Essendo spiacevole (oltre che anch’esso segno dei tempi) doversi difendere da solo, consegno la cronaca della vicenda alle parole di un editoriale de “Il Riformista”, unico a prendere posizione: «Sdegnati articoli in prima pagina, pesanti pressioni politiche su alcuni degli esperti, lettere delle associazioni delle vittime, il ministro Bondi che annuncia giri di vite. Come meravigliarsi se alla fine “La prima linea”, già “Miccia corta”, il film che Renato De Maria intende liberamente trarre dal libro di Sergio Segio, non ha avuto via libera dalla commissione ministeriale incaricata di valutare i progetti “di interesse culturale nazionale”? Poteva andare peggio. Meglio un “rinvio tecnico” a dicembre che la bocciatura assoluta. Perché l’aria era quella, nonostante l’alto punteggio sul fronte artistico-produttivo. Non sono bastati nemmeno i ritocchi alla sceneggiatura introdotti dopo l’incontro con le associazioni delle vittime; il titolo cambiato per non fare pubblicità al libro; la rimozione di una scritta sui titoli di testa; l’introduzione di personaggi di fantasia per chiarire lo scontro ideologico; il riferimento diretto all’omicidio del giudice Alessandrini, eccetera. Fa un po’ sorridere, pur nel tentativo di salvare capre e cavoli, la motivazione adottata dalla commissione, là dove si chiede che “dall’esame definitivo del progetto emerga in maniera chiara ed inequivocabile (…) una netta condanna di questo fenomeno criminale”, cioè del brigatismo rosso e affini. Ci mancherebbe. Magari, sbollita la tensione mediatica, il film passerà pure. Resta il tema di fondo».

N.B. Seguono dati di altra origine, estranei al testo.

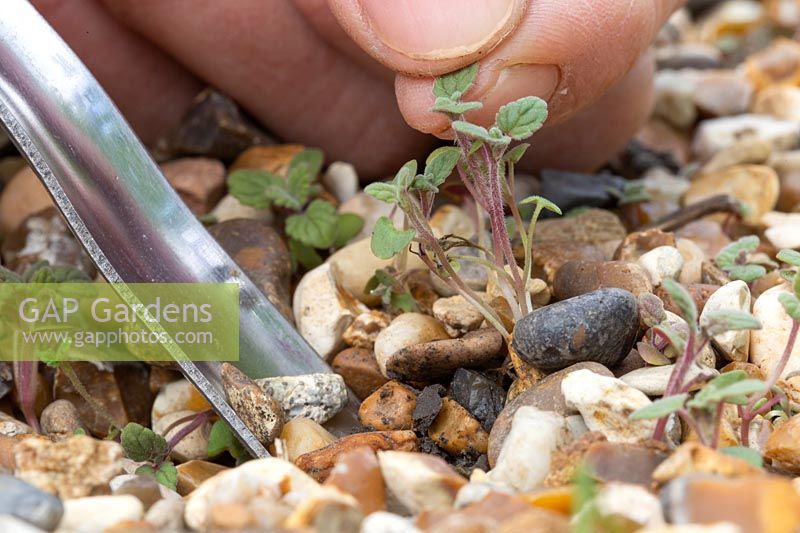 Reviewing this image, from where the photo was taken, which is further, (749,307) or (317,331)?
(317,331)

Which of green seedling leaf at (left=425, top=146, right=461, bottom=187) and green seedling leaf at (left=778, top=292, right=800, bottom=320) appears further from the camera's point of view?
green seedling leaf at (left=425, top=146, right=461, bottom=187)

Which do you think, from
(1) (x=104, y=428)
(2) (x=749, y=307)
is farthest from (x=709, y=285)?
(1) (x=104, y=428)

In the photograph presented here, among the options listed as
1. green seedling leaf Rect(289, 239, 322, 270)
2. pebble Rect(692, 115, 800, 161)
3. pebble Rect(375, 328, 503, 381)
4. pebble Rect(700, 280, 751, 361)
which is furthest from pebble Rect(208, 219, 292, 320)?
pebble Rect(692, 115, 800, 161)

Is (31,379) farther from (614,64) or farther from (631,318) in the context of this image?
(614,64)

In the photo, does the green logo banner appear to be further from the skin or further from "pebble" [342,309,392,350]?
the skin

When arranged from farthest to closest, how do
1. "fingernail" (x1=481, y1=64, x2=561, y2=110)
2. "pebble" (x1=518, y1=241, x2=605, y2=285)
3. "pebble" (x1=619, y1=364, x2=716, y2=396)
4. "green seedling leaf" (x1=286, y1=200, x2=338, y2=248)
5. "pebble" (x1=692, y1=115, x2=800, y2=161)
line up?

Il tema di fondo non è solo il dibattito, la possibilità di confronto e la riflessione storica su quegli anni, né tanto meno le sorti di quel film o il fatto che il sistema di produzione cinematografica in Italia sia reso volutamente dipendente dai finanziamenti pubblici, e dunque dai condizionamenti politici.

Il punto vero è che in questo paese è stato introdotto un pericoloso precedente dal punto di vista della libertà di espressione artistica, intellettuale, culturale e anche politica (chissà, magari per il prossimo film sui morti della ThyssenKrupp si imporrà il gradimento preventivo di Confindustria). E che lo si è fatto nella più totale assenza di reazioni critiche: ha taciuto il mondo del cinema e della cultura; hanno taciuto intellettuali e opinionisti; ha taciuto la politica e l’opposizione parlamentare; sono rimaste zitte e distratte le associazioni e i movimenti. Muti i giornalisti e i commentatori (tranne la suddetta preziosa eccezione); compresi quelli di sinistra, tradizionalmente attenti alle libertà civili e agli spazi democratici. Non una riga su “Liberazione”; cinque righe cinque, sommarie di cronaca e con nomi storpiati, su “il manifesto”.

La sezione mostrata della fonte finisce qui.